For more than a year, lecturers and Australia's Royal Melbourne Institute of Technology University (RMIT) have been in a dispute over better pay and working conditions.
But there are now fears that the resulting strike - which was called on Oct 1 - will impact some of the Melbourne-based institution's more than 6,000 students enrolled at SIM Global Education's (SIM GE) campus at Clementi Road. The New Paper (TNP) learnt yesterday of RMIT's plans to use staff from its campuses in Vietnam's Ho Chi Minh City and Hanoi to assess Singaporean exam scripts for an examination scheduled from Monday to Nov 9.
Australia's National Tertiary Education Union (NTEU) - the professional association covering all employees of universities - sees this as RMIT's way of working around the industrial action.
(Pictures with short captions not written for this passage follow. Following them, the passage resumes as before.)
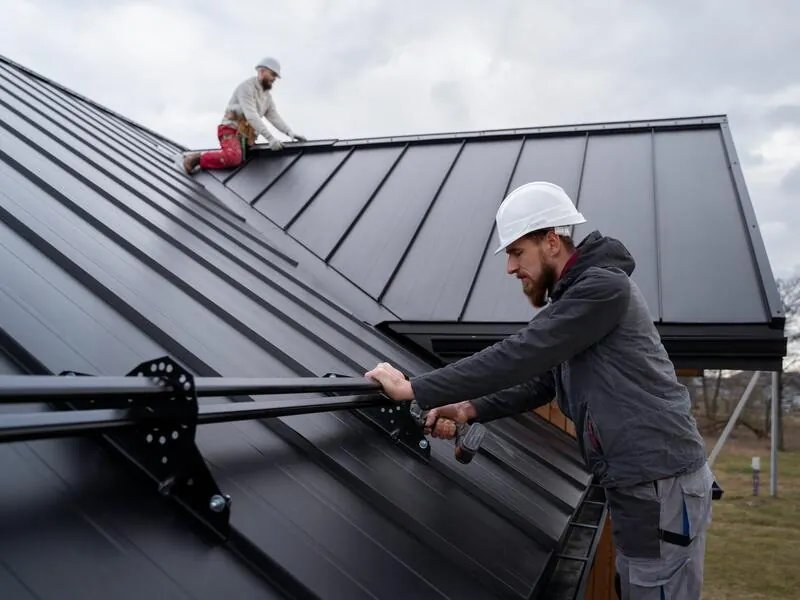 Roofer on a UK pitched roof — emergency roof repair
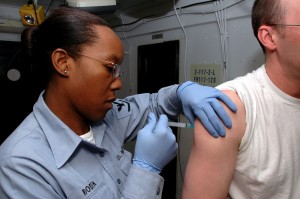  Hospital Corpsman 3rd Class Natasha Wooden administers a Hepatitis-B vaccine to a Sailors aboard the Nimitz class aircraft carrier USS Ronald Reagan (CVN 76). Reagan is currently underway conducting routine carrier operations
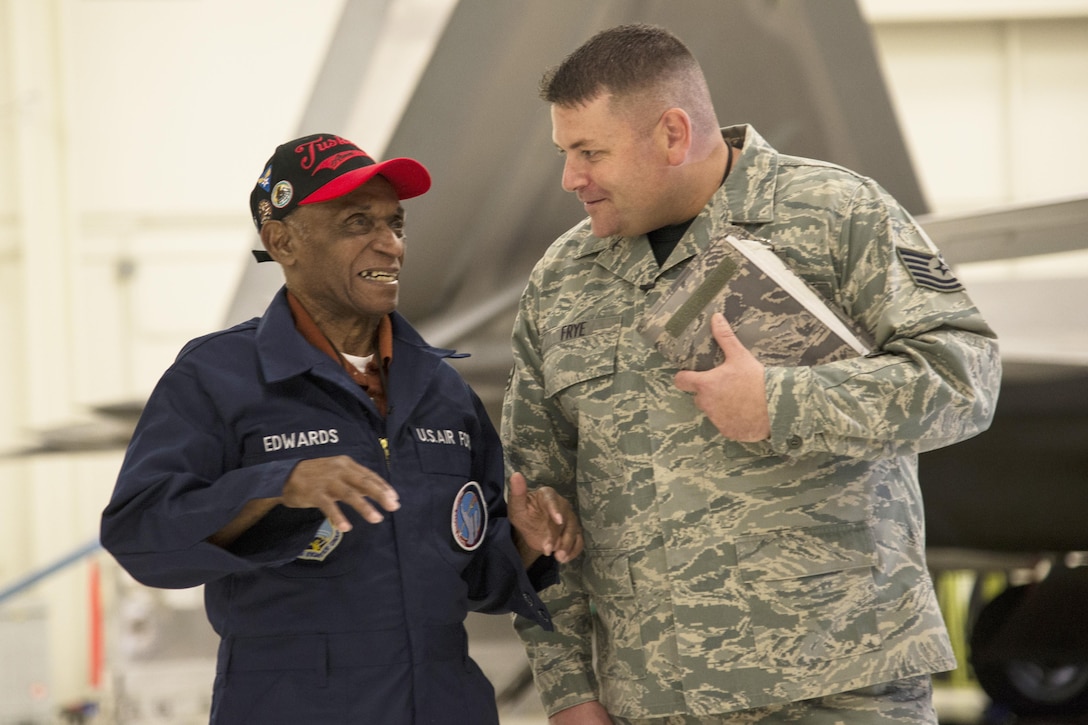 Two men have a conversation in front of a plane.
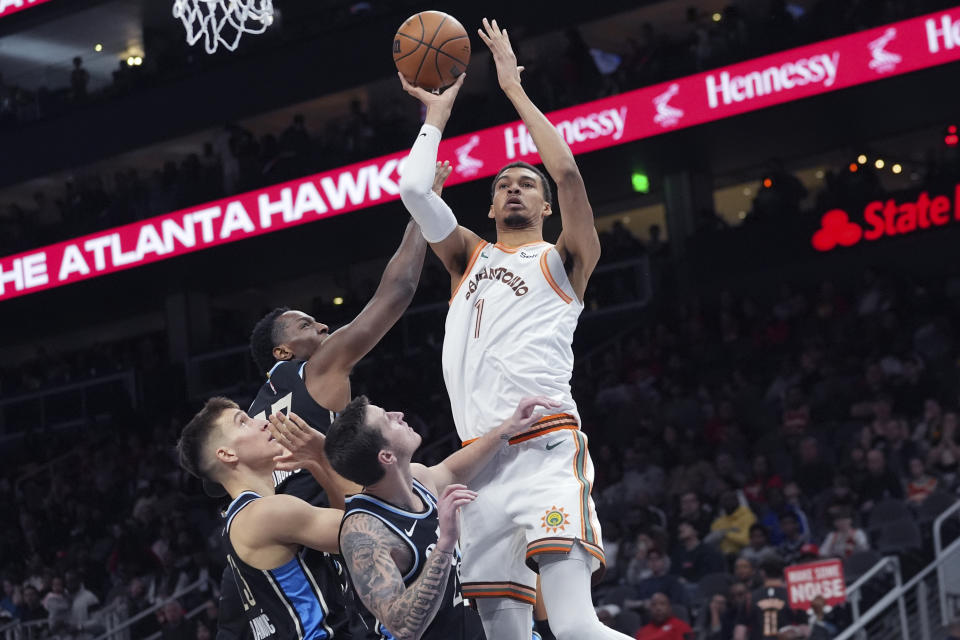 San Antonio Spurs center Victor Wembanyama (1) is defended by Atlanta Hawks' Onyeka Okongwu (17), Bogdan Bogdanovic and Garrison Mathews (25) as he shoots during the first half of an NBA basketball game Monday, Jan. 15, 2024, in Atlanta. (AP Photo/John Bazemore)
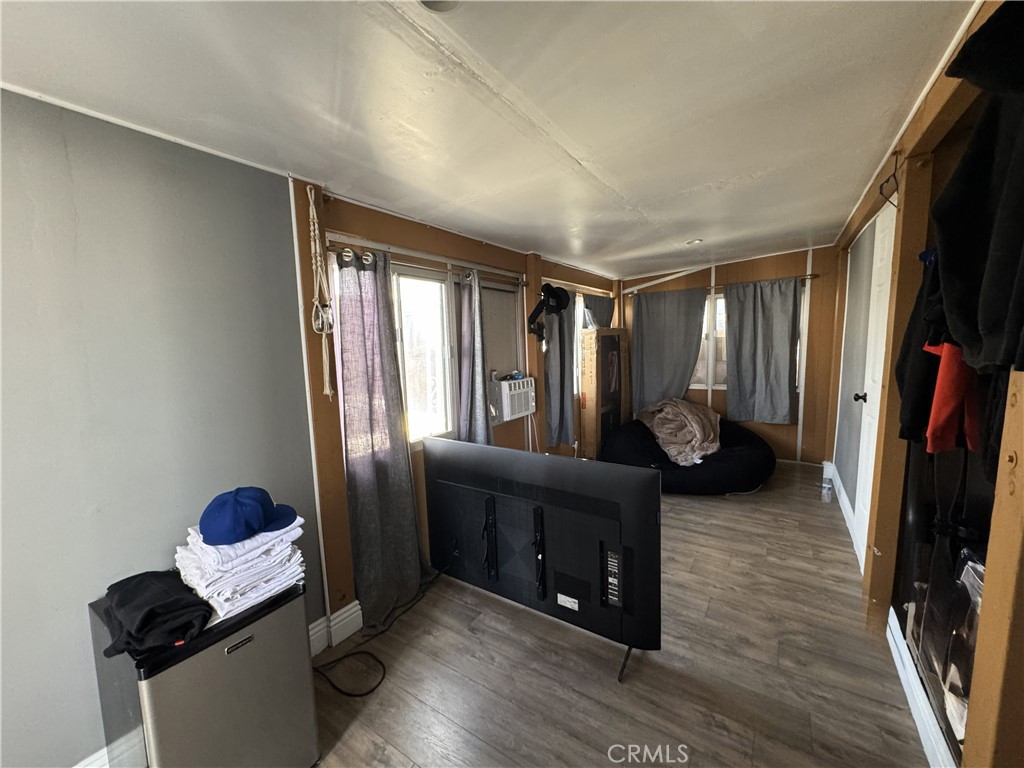 1025 South Riverside Avenue, Unit 66 Rialto, CA 92376 - Photo 35 of 53 a living room with furniture and a flat screen tv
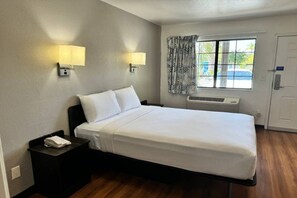 Hotelkamer met een enkel bed, nachtlampjes, een raam met gordijnen, een airconditioning en een deur met slot.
NTEU, which according to its website represents more than 25,000 members, is staging the industrial action at a number of Australian universities, including RMIT.
The union's president, Ms Jeannie Rea, told TNP that an e-mail was sent to the staff of RMIT's Vietnam campuses offering them to assess the scripts.
Ms Rea argued that because the staff in Vietnam are not involved in course work for Singaporean students, RMIT is breaking its agreement with its Singapore provider SIM GE.
Usually, staff from Melbourne would set and mark the papers for its offshore students. Added Ms Rea: "There is now great concern by the staff of RMIT here that if this is done, the quality and integrity of the university would be compromised."